• **WHAT TO DO**
The expected answer is the full listing, repeated exactly and free of images.
** DATA follows **
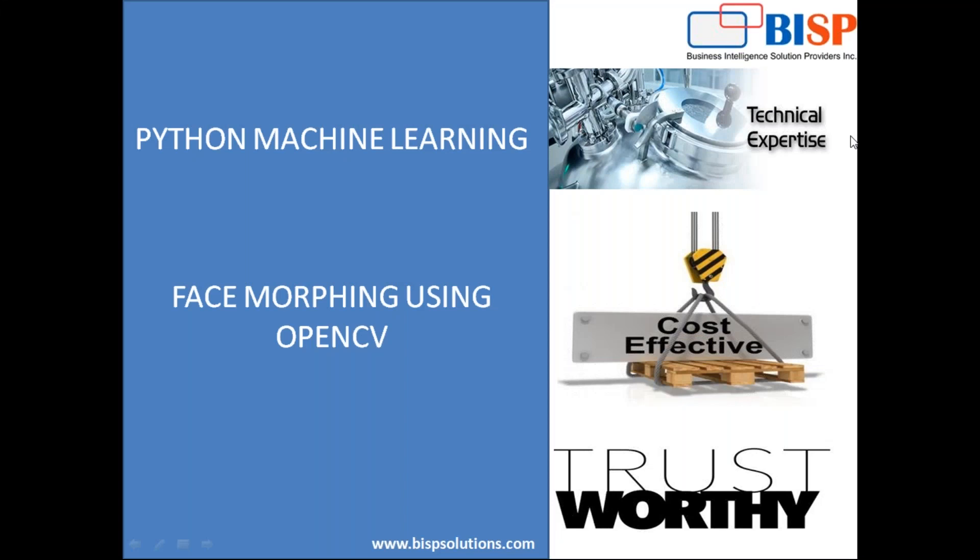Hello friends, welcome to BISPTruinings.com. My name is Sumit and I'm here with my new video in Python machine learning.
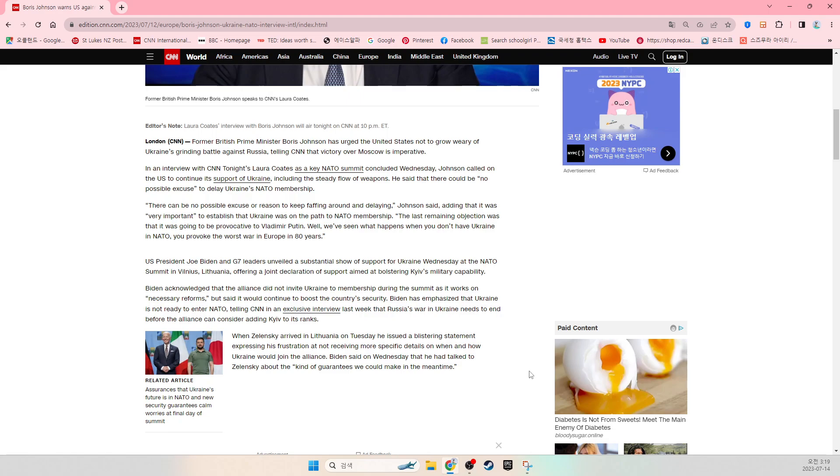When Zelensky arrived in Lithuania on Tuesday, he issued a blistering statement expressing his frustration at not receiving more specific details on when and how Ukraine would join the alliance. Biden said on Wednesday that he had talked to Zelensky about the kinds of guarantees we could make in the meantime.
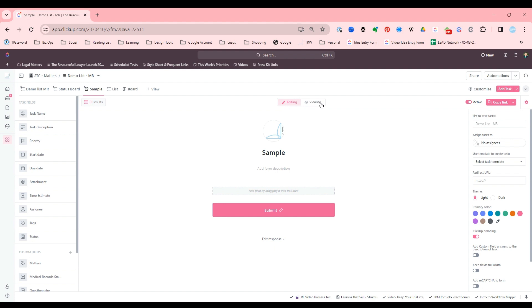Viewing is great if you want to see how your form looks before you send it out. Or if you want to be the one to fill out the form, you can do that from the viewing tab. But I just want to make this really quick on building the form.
** End of DATA **
• **SOLUTION BELOW**
Hello friends, welcome to BISPTruinings.com. My name is Sumit and I'm here with my new video in Python machine learning.
When Zelensky arrived in Lithuania on Tuesday, he issued a blistering statement expressing his frustration at not receiving more specific details on when and how Ukraine would join the alliance. Biden said on Wednesday that he had talked to Zelensky about the kinds of guarantees we could make in the meantime.
Viewing is great if you want to see how your form looks before you send it out. Or if you want to be the one to fill out the form, you can do that from the viewing tab. But I just want to make this really quick on building the form.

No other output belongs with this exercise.